UBS has adjusted its view of the European Central Bank's (ECB) policy path and now expects two quarter-point rate increases, in June and in September, that would lift the deposit rate to 2.5%, the bank's economists said in a note published Thursday.
The bank's revision reflects the ECB's March projections and communications, which UBS said took a hawkish turn and caught its economists by surprise. In particular, the ECB's updated staff forecasts showed significant upward revisions to inflation together with only moderate downward adjustments to GDP growth - a mix that pointed toward the need for tighter monetary policy.

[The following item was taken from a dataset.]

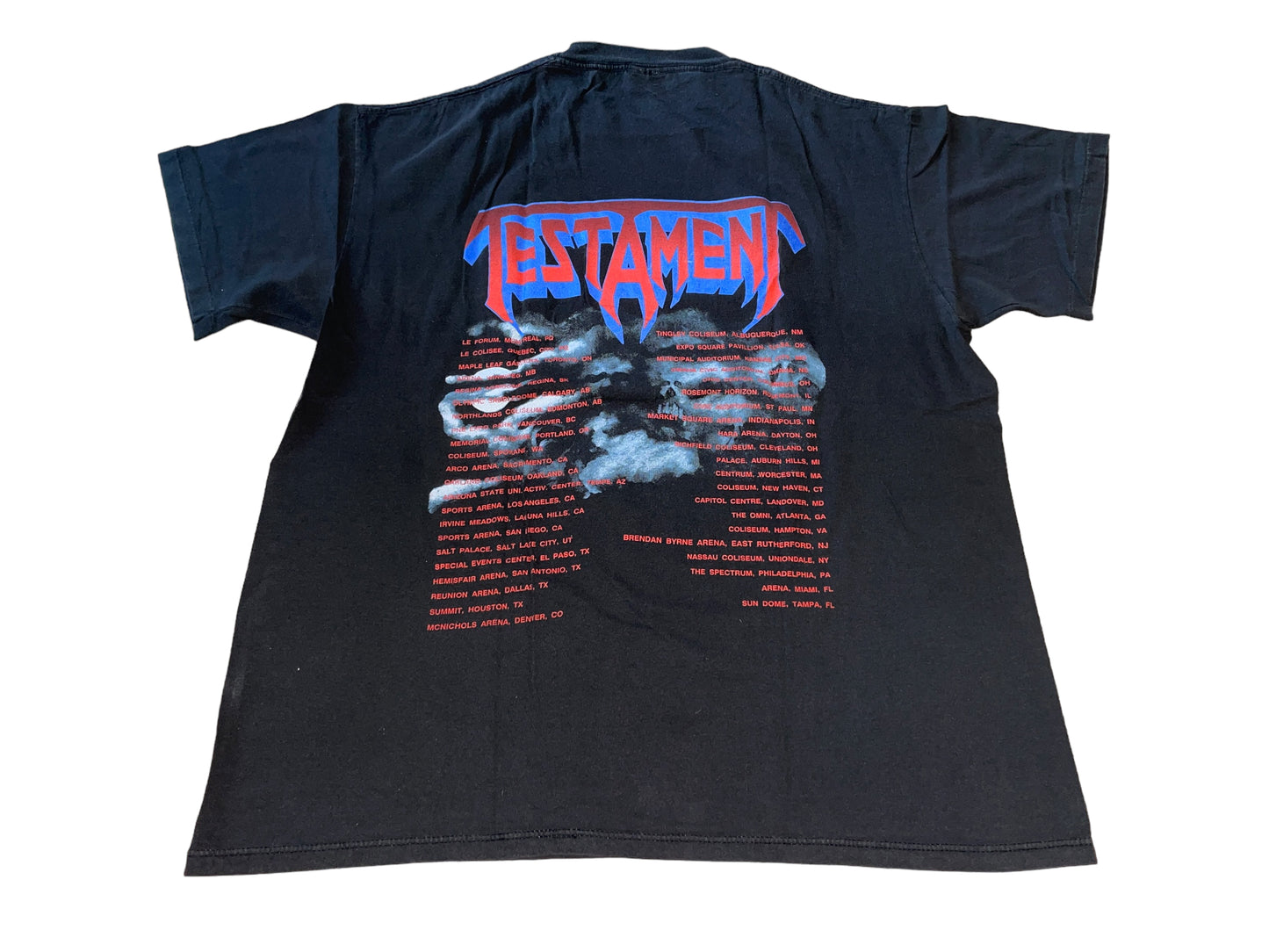 Vintage 1990 Testament T-Shirt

"Part of the explanation seems to be that the ECB expects wages to respond to the energy price spike, thus amplifying the inflation impact while cushioning the growth damage," economists led by Reinhard Cluse wrote.
ECB President Christine Lagarde reinforced that view in public remarks last week, saying memories from the 2022-23 inflation overshoot are "rather fresh," a phrase UBS interprets as suggesting that firms and labor negotiators may react relatively quickly with price and wage adjustments.
UBS's timing calls for an initial 25 basis point hike at the ECB meeting on June 11, the same gathering that will include updated macroeconomic projections. The bank expects the ECB to pause in July and then to deliver a second 25 basis point increase in September, coinciding with another round of projections.
"We think that evidence on the emergence and strength of pro-inflationary second-round effects will still be incomplete at the time of the meeting on 30 April, while greater clarity might exist on 11 June," the economists wrote.
UBS emphasized that its call carries risks in both directions. On the hawkish side, the ECB could move earlier - potentially as soon as late April - if energy prices climb further, if March inflation data surprise to the upside, or if early indicators of second-round inflationary effects become visible. In such a scenario, successive hikes in June and July rather than a June and September split are also possible.
The bank further noted that a prolonged Iran conflict could push the ECB to raise rates by more than two increments and even contemplate 50 basis point steps.
Conversely, on the dovish side, a credible and swift de-escalation of the Iran conflict that reduces energy prices could allow the ECB to forgo additional hikes or limit itself to a single rise. UBS also flagged the possibility of a more "significant hit to the eurozone economy" - for example through supply constraints, energy rationing, or a sharp rise in unemployment - in which case the central bank might need to cut rates instead.
Looking beyond the immediate policy horizon, UBS projects eurozone inflation to peak at 3.4% year-on-year in May, then to moderate to 3.2% by the end of 2026, 2.1% by the end of 2027, and to reach 2.0% by the end of 2028.
Under UBS's forecast of an ECB deposit rate at 2.5%, the bank expects the central bank to reverse course and cut rates by 25 basis points in the fourth quarter of 2027 and by another 25 basis points in the first quarter of 2028, provided no new shocks occur and inflation moves back toward target.
Key takeaways
- UBS now expects two 25 basis point ECB hikes - on June 11 and in September - bringing the deposit rate to 2.5%.
- The change follows ECB staff forecasts in March that materially raised inflation projections while trimming GDP only modestly, prompting a hawkish shift in communication.
- UBS projects inflation to peak at 3.4% in May and to return to around 2% by end-2028, with the bank forecasting rate cuts in late 2027 and early 2028 if no new shocks occur.
Sectors likely affected
- Fixed income and general rates markets, which respond directly to central bank policy expectations.
- Banking and financial services, given implications for lending margins and deposit rates.
- Real estate and corporate borrowers, where financing costs and cap-rate dynamics are sensitive to policy rates.
Risks and uncertainties
- Hawkish upside: A further rise in energy prices, stronger-than-expected March inflation, or signs of second-round inflationary effects could prompt earlier or larger ECB tightening, which would affect interest-rate sensitive sectors.
- Geopolitical escalation: A prolonged Iran conflict could lead the ECB to raise rates more than twice or consider 50 basis point steps, amplifying pressure on borrowing costs across the economy.
- Dovish downside: A swift de-escalation that lowers energy prices, or a severe economic hit through supply shortages, energy rationing, or rising unemployment, could force the ECB to scale back hikes or even cut rates.
Note: The projections and scenarios above reflect UBS's published economic forecasts and the risks it outlines; they assume no additional shocks beyond those discussed.